Kenneth Oppel's Airborn trilogy and his more recent book, The Boundless, are possibly the least stringent in their use of steampunk. Airborn envisions an alternate history set around the first half of the 20th century where Zeppelins are still the primary means of long-distance travel. The Boundless is set aboard a seven-mile long steam train travelling across North America.
Philip Reeve's Larklight series of books is also deep in Victoriana, giving the British Empire of 1851 access to much of the solar system using fantastical elements of the period. The solar system conforms to some of the Victorian imaginings of the time: Venus is a jungle planet, while Mars is a desert planet, full of hints of ancient empire. Reeve goes further, however, and visits the other planets in the solar system with an imaginative flair - intelligent storms on Jupiter, for instance - that matches the Victorian style.
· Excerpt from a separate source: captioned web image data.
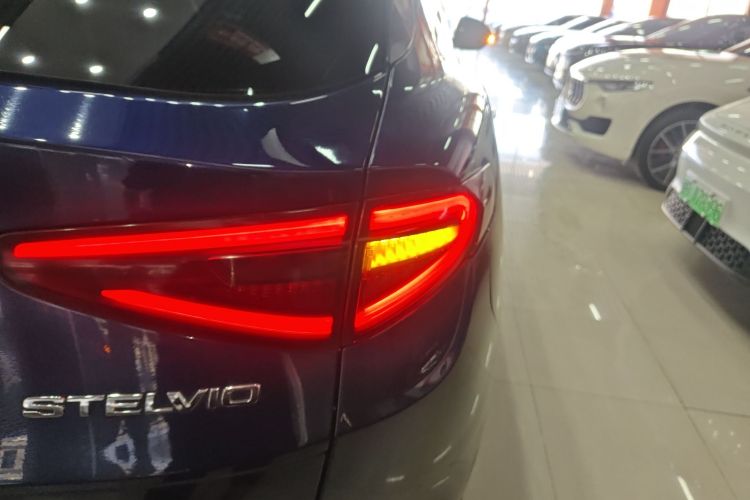 阿尔法·罗密欧 Stelvio斯坦维 2017款 2.0T 200HP 精英版车身外观9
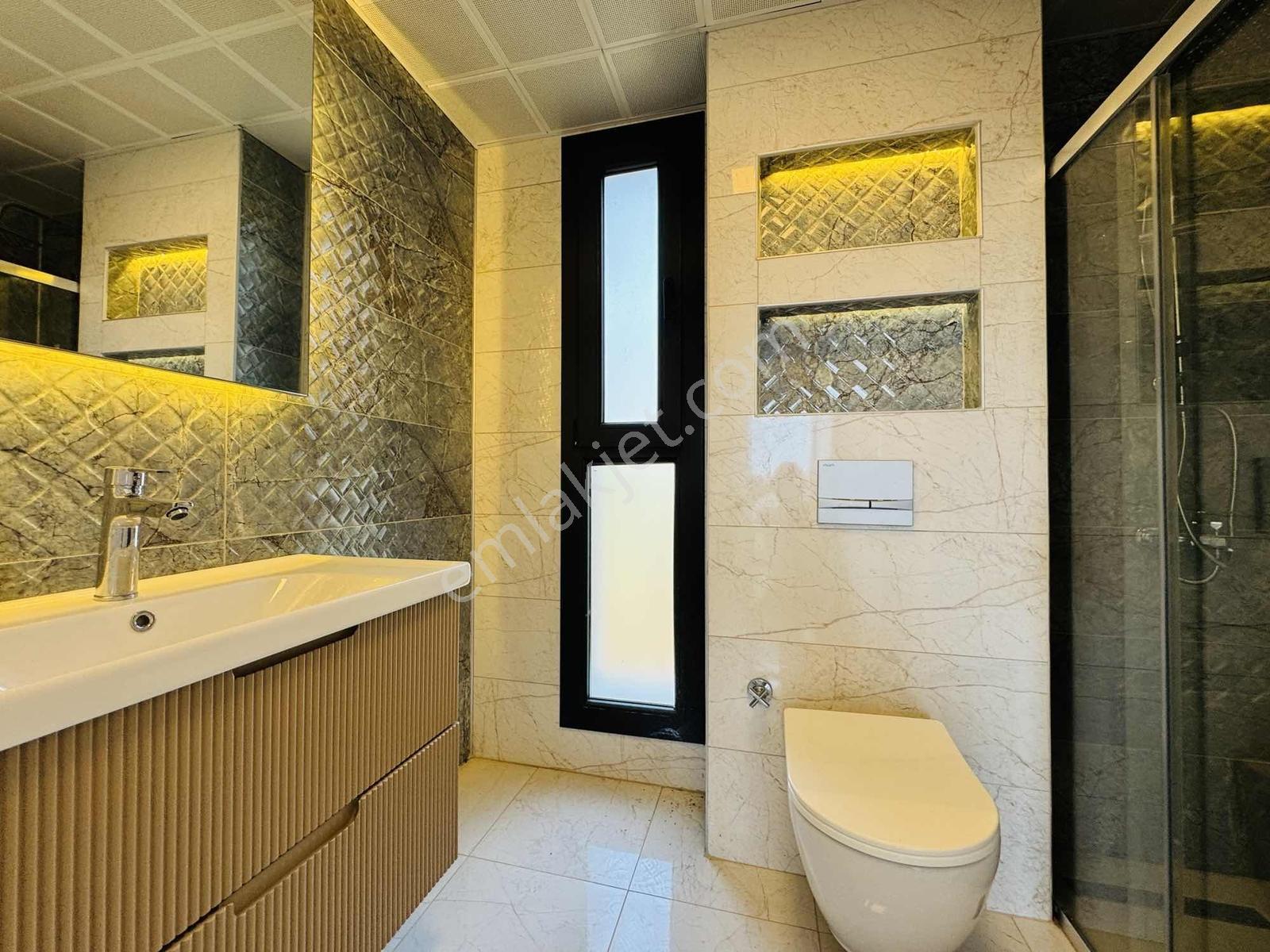 Kuşadası'nda Tam Müstakil Asansörlü Full Sıfır Eşyalı 4+1 Villa - Görsel 8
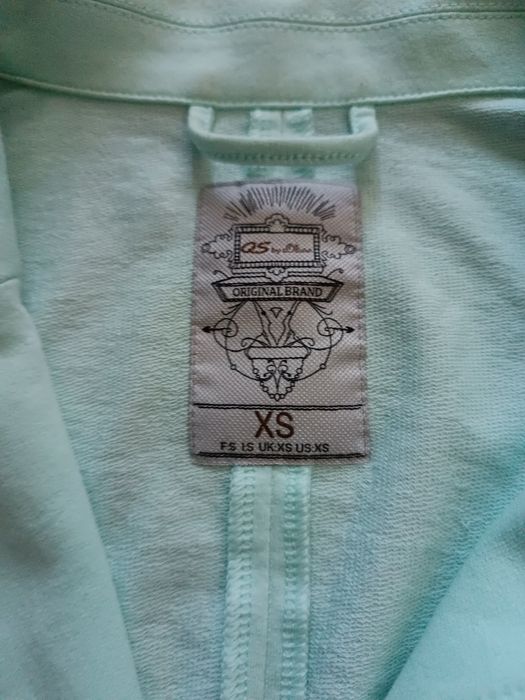 Miętowa marynarka XS S.Oliver.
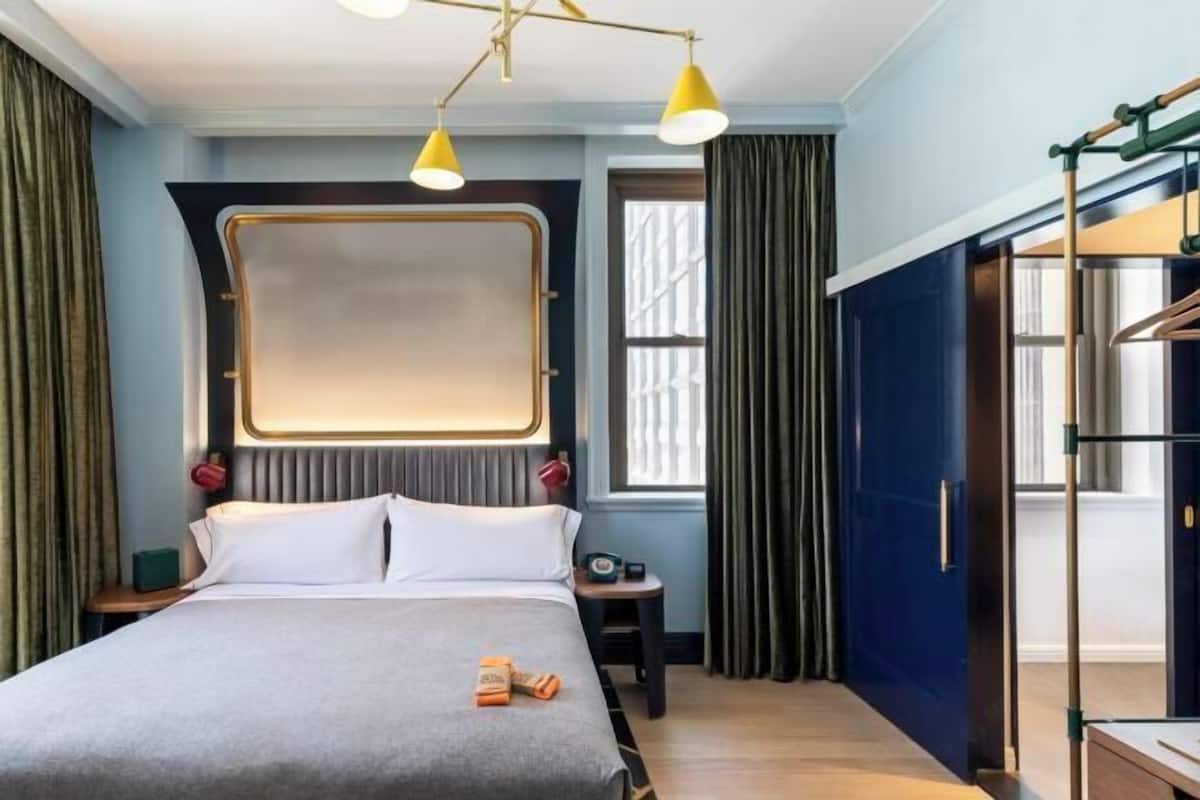 1 bedroom, in-room safe, desk, laptop workspace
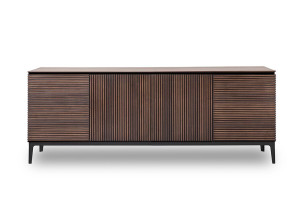 Деревянный шкаф с распашными дверями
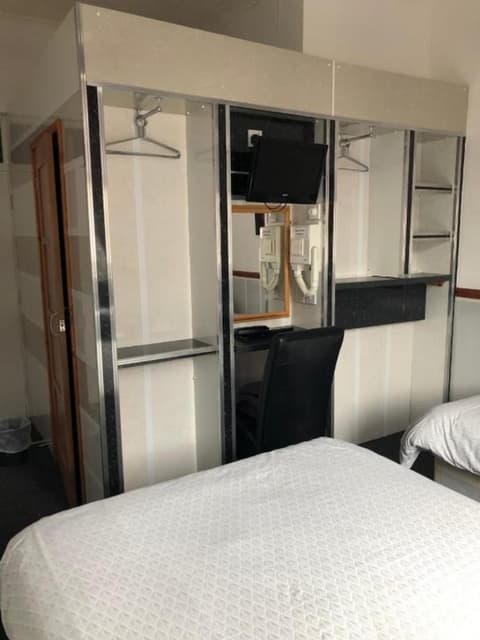 OYO The Bentleys Hotel, Room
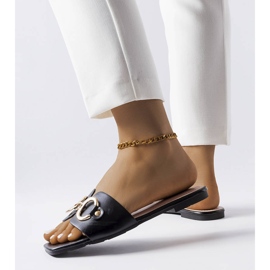 Czarne eleganckie klapki z łańcuchem Corbin 2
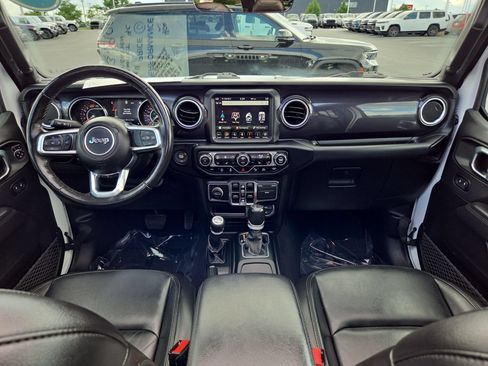 Used 2021 Jeep Wrangler Unlimited Sahara AWD/4WD image 18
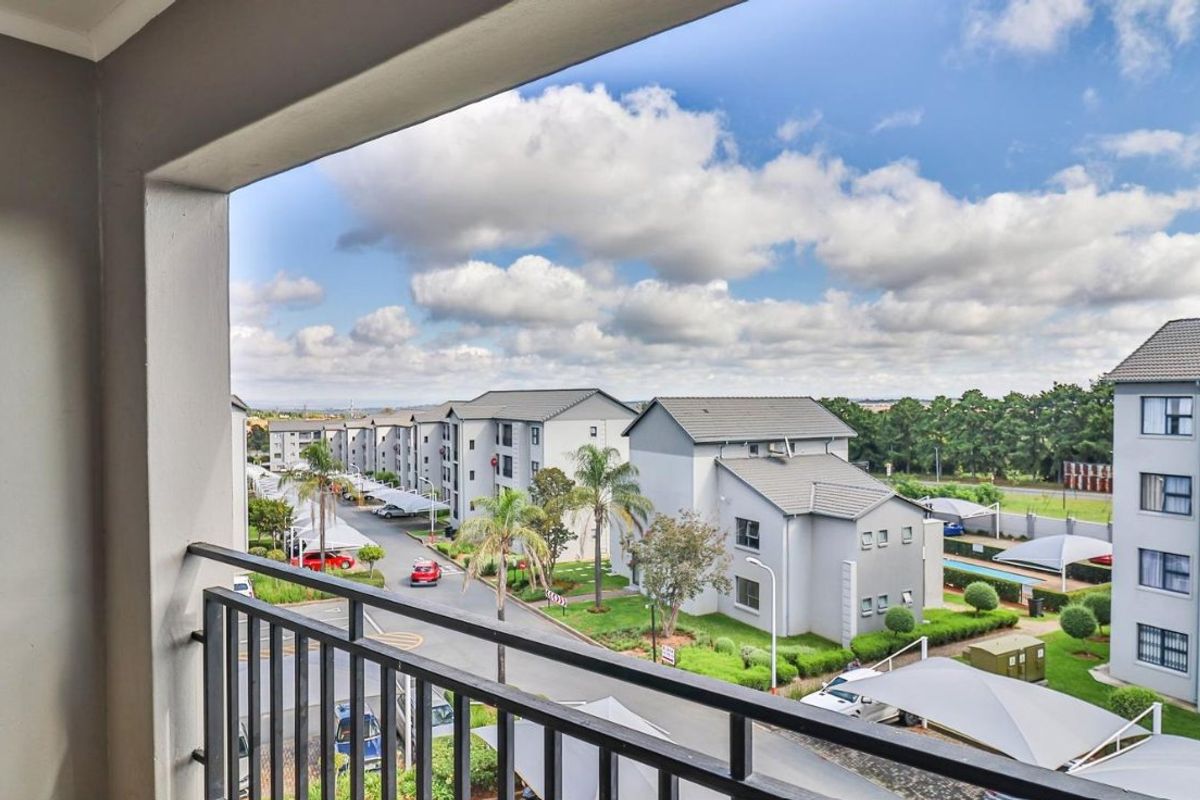 Sunning  4th-Floor 1 Bed, 1 Bath Apartment To Rent in The West End Estate, Carlswald, Midrand - Photo 4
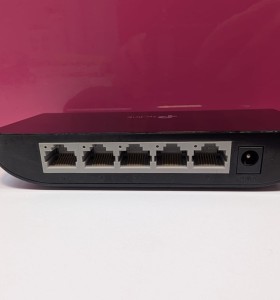9-9-68864-1-Hub Tp Link Sg1005d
The common thread of all this is the concept of a society in the steam and clockwork age coming forward to the computer or space age, or something similar. This informs the social structure of the society. In Philip Reeve's Larklight series, the social mores of young protagonist Art Mumby's world can be charitably called "quaint" by today's standards. Although Art's mother and sister are both strong female characters, the fact that they have the same personal strength, cunning and derring-do as the men is something for pirate Jack Havock to fall in love with, and for Art to be bewildered by.
Similarly, Kenneth Oppel's Airborn trilogy devotes a significant portion of its narrative to Kate DeVries as she struggles to be accepted as a scientist in what is a man's world where she does not even have the right to vote. Adrienne Kress' The Friday Society tackles this theme head-on. Her book, set in 1890's London, has three young women working within the male-dominated society, solving a murder in steampunk fashion "without calling too much attention to themselves".
In an e-mail conversation with Ms. Kress, she explained further, saying:
"One of the reasons I made [my protagonists] all lower class... ...was so that they would be aware of the class divide and how the mores held them back, and thus inspired them to fight against it. A whole big part of them deciding to become these superheroes has to do with fighting against the society they are in, not just solving crimes... ...I think that the Victorian set literature can also be holding up a mirror to nature as it were. That it might be set in a different time but can reflect back current systemic issues in our modern society, either through allegory, metaphor, or even more literally. I think not everyone chooses to set things in Victorian times because it is quaint."
So, even though, under steampunk, the Victorians have overachieved in terms of their technology, their sexual attitudes - and likely their racial attitudes (as evidenced in Larklight by Art's ignorant preconceptions about the other races of the solar system) - remain unchanged. Therefore, one element that marks the genre of steampunk is the derring-do of the protagonists and the society they belong to. Or, in other words, their male, colonial arrogance.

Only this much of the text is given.